|Fernow Experimental Forest|
The Fernow is located in one of the most mountainous regions of the Mountain State (WV), and is an active research forest. The purpose of this experimental forest is to foster a better understanding of West Virginia's forests, water, soils, and wildlife resources in order to protect and conserve ...
Gaudineer Scenic Area
|Description: An interesting blend of cultural and natural history meets here. Gaudineer Knob, located atop 4,445-foot-high Shavers Mountain in the Cheat Mountain Range, is a 140-acre tract of virgin red spruce-northern hardwoods forest that is 250 to 300 years old. It is a remnant of the spruce forests that originally spread across the highest mountaintops in West Virginia.|
The preservation of this forest was the result of a surveying mistake. Failing to correct for the difference between true north and magnetic north, a surveyor omitted this tract of land, resulting in a forgotten triangular wedge of virgin forest when the surrounding areas were logged.
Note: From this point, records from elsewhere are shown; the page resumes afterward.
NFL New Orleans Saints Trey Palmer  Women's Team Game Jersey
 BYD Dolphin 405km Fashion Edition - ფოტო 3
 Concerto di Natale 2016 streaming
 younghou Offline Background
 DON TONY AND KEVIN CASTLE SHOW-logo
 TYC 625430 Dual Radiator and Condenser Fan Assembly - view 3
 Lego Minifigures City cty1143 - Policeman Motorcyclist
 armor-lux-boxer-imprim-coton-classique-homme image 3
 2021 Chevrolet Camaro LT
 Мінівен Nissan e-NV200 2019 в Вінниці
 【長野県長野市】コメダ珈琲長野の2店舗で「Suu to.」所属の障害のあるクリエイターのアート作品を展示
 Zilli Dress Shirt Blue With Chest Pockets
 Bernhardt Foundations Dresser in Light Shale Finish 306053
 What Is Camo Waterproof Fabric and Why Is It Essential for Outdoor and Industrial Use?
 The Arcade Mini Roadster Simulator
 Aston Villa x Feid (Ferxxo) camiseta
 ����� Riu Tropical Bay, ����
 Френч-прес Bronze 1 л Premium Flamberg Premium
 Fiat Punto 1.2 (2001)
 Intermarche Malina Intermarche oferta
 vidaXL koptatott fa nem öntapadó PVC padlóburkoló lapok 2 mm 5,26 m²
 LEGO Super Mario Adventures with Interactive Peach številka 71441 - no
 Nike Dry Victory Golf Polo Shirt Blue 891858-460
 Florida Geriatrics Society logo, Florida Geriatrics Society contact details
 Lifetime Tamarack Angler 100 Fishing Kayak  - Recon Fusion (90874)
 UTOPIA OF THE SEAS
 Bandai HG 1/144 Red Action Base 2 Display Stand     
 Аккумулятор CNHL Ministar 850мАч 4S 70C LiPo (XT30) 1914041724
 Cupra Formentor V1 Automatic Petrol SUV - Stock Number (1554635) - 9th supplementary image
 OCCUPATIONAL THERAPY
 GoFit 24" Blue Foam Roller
In 1964 the area was designated as a scenic area by the USDA Forest Service.
Wildlife to Watch: The nine most common breeding birds here are magnolia warblers, solitary vireos, black-throated blue warblers, Blackburnian warblers, winter wrens, golden-crowned kinglets, black-capped chickadees, dark-eyed juncos, and chestnut-sided warblers. Early mornings and evenings from mid-May to mid-July are best to see these birds. Twenty-two species of warblers are known to summer here, more than at any other mountain in the Appalachians.
Gaudineer is also an exceptional place for bird watchers to find four species of brownbacked thrushes, all premier singers: hermit, Swainson’s, wood thrush, and veery. In the 1940s, studies by the U.S. Fish and Wildlife Service showed that this area had one of the highest populations of birds per acre in the United States.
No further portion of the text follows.